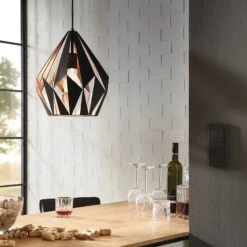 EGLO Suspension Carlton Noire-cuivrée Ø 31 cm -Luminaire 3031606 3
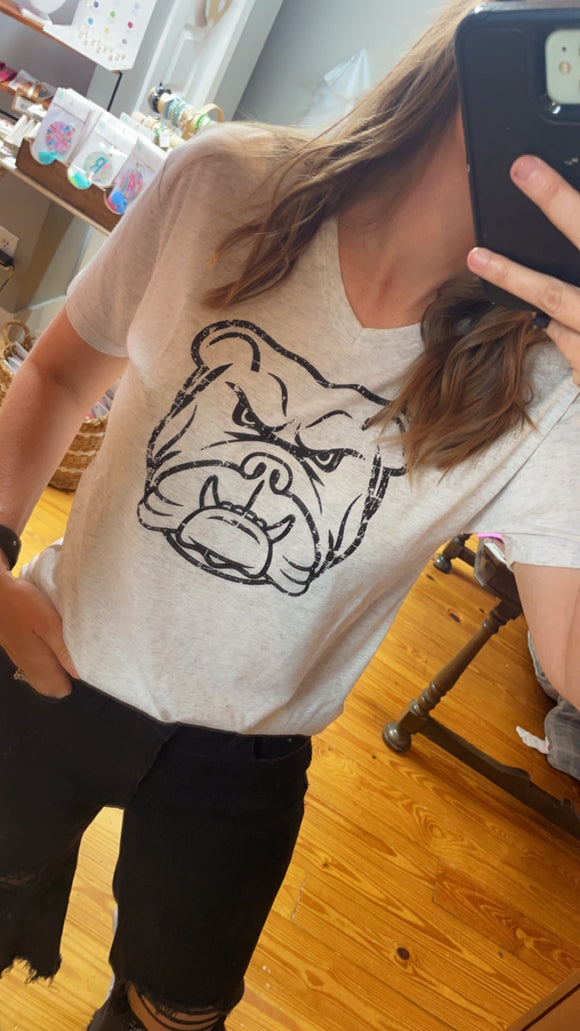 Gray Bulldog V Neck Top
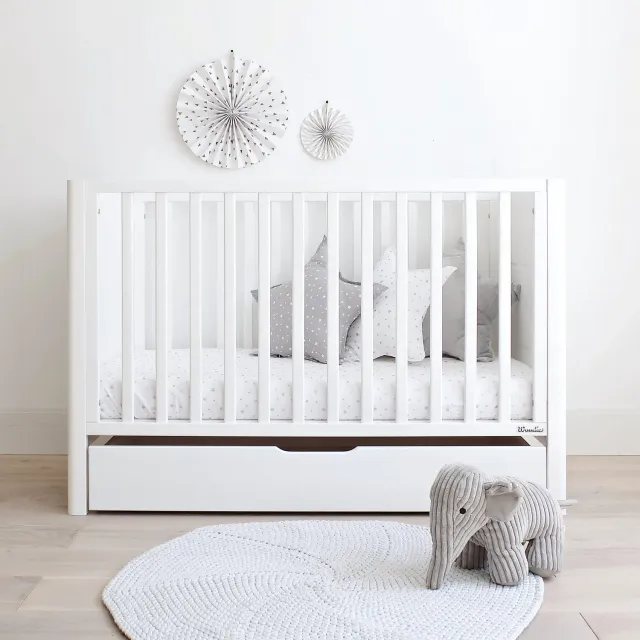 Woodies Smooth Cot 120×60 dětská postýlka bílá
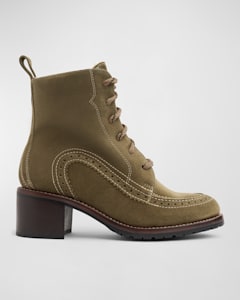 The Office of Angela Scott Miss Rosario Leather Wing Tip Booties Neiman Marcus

## Instructions to follow
Could you write out the whole listing exactly, dropping the pictures?

## Exercise response
 EGLO Suspension Carlton Noire-cuivrée Ø 31 cm -Luminaire 3031606 3
 Gray Bulldog V Neck Top
 Woodies Smooth Cot 120×60 dětská postýlka bílá
 The Office of Angela Scott Miss Rosario Leather Wing Tip Booties Neiman Marcus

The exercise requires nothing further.